§ **Problem to solve**: Under this line are the records; repeat exactly the lines starting at the one containing "Seawave Vodice, Big" and ending at the one containing "Vintage Silver Tone", omitting pictures.

§ **Extracted records**:
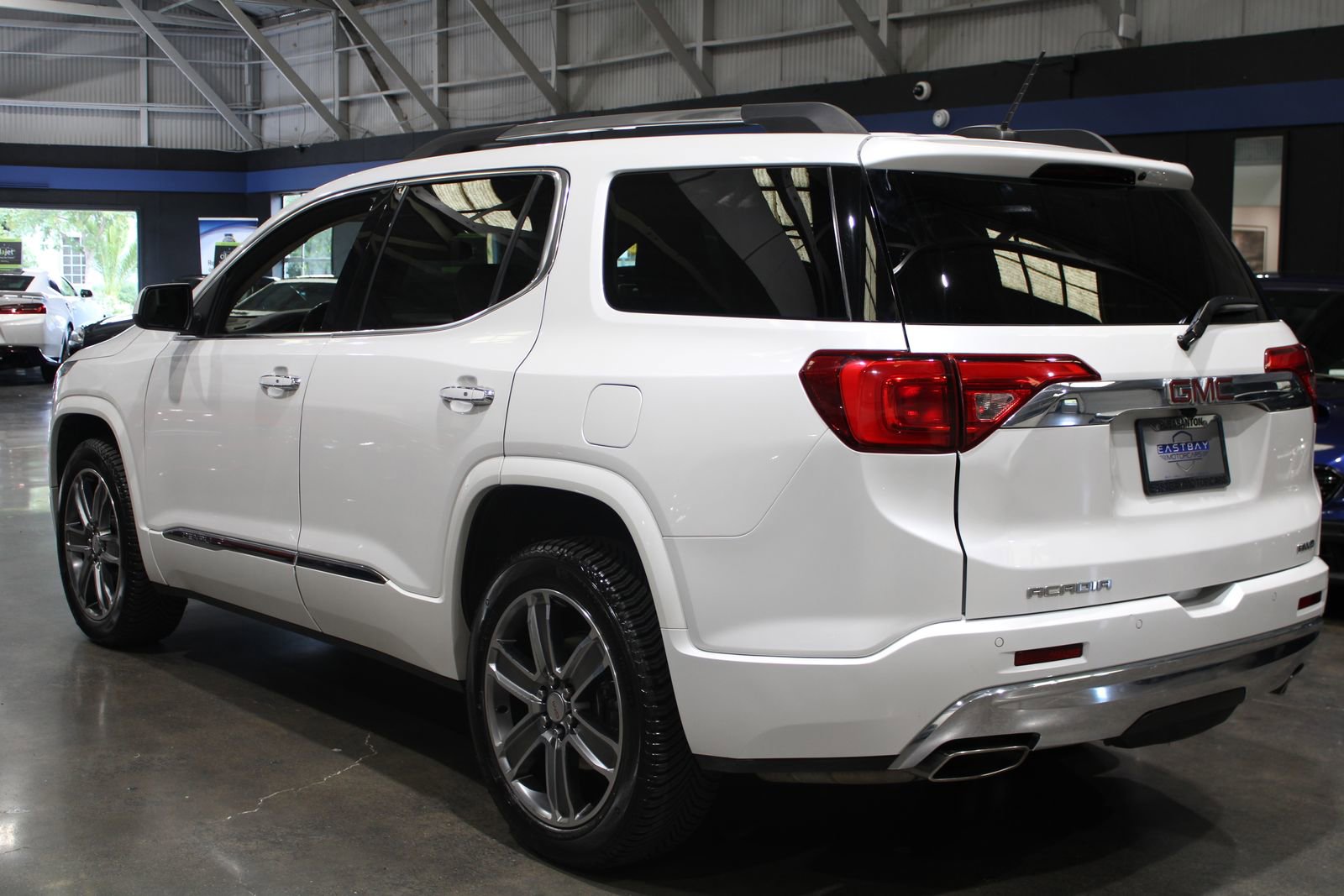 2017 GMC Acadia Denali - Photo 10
---
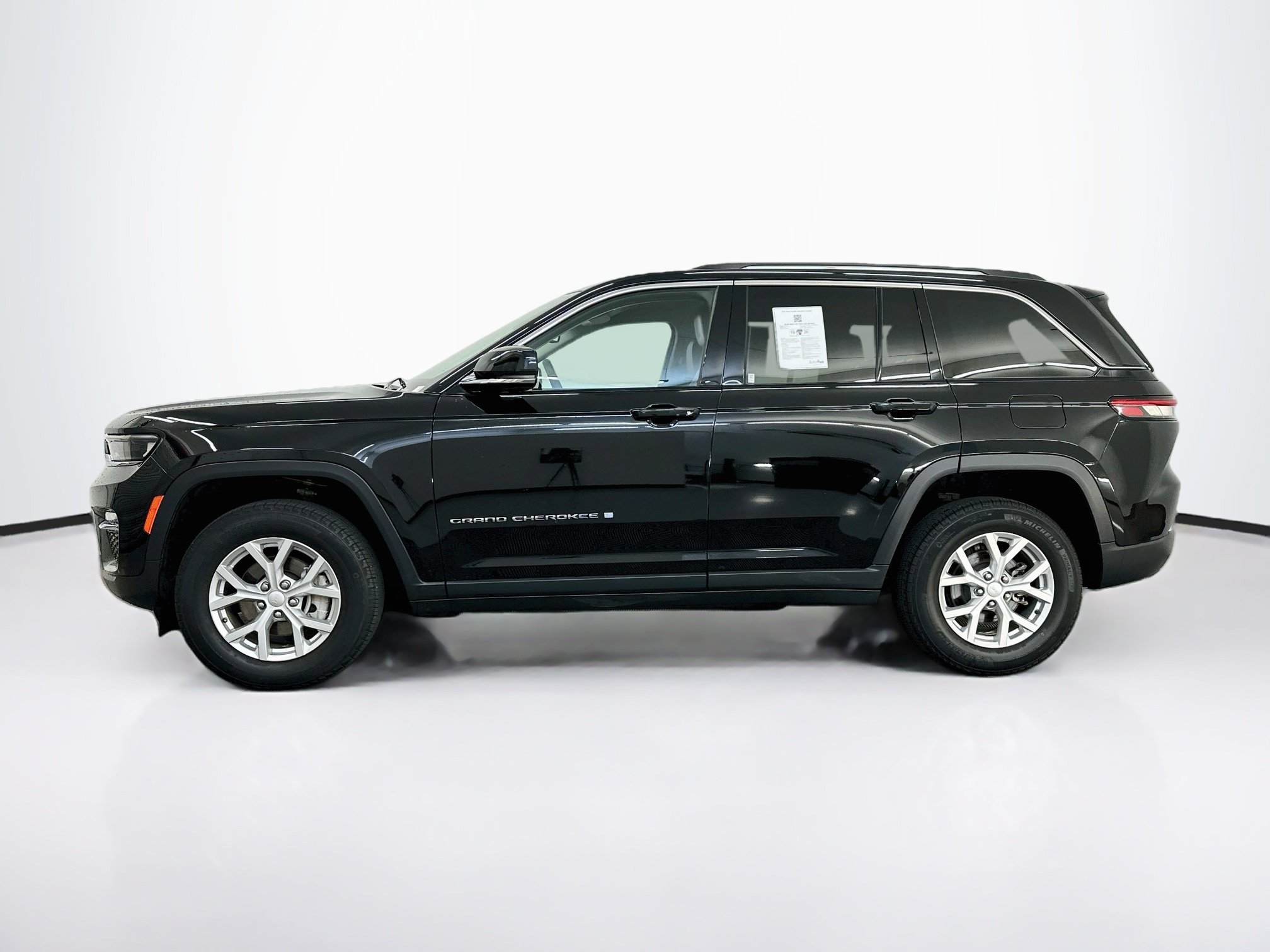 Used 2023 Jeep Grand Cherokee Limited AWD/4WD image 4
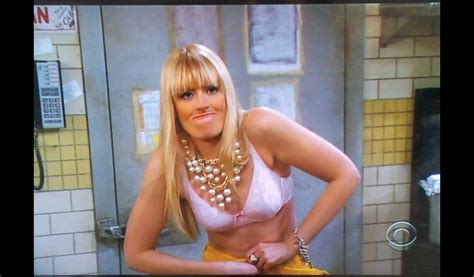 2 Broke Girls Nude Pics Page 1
---
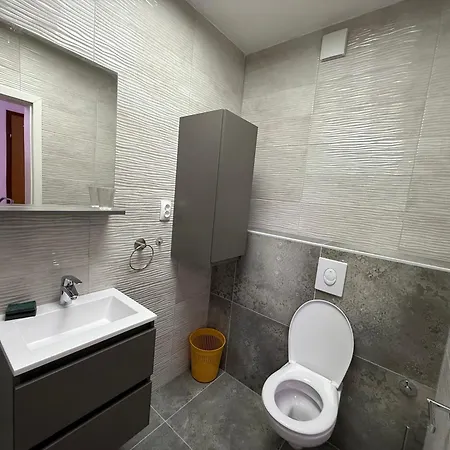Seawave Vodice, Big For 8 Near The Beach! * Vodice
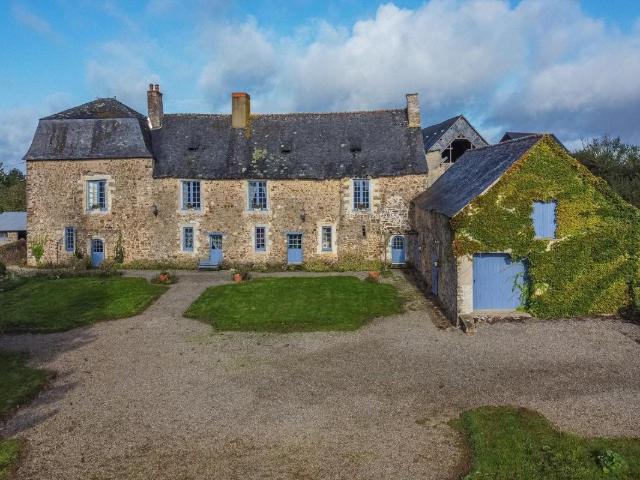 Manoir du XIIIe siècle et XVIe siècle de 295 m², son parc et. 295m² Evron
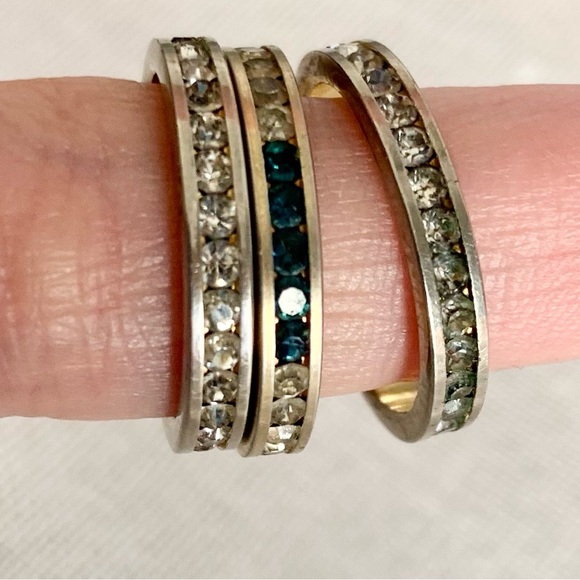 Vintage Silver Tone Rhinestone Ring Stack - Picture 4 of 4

§ **Response area**:
Seawave Vodice, Big For 8 Near The Beach! * Vodice
 Manoir du XIIIe siècle et XVIe siècle de 295 m², son parc et. 295m² Evron
 Vintage Silver Tone Rhinestone Ring Stack - Picture 4 of 4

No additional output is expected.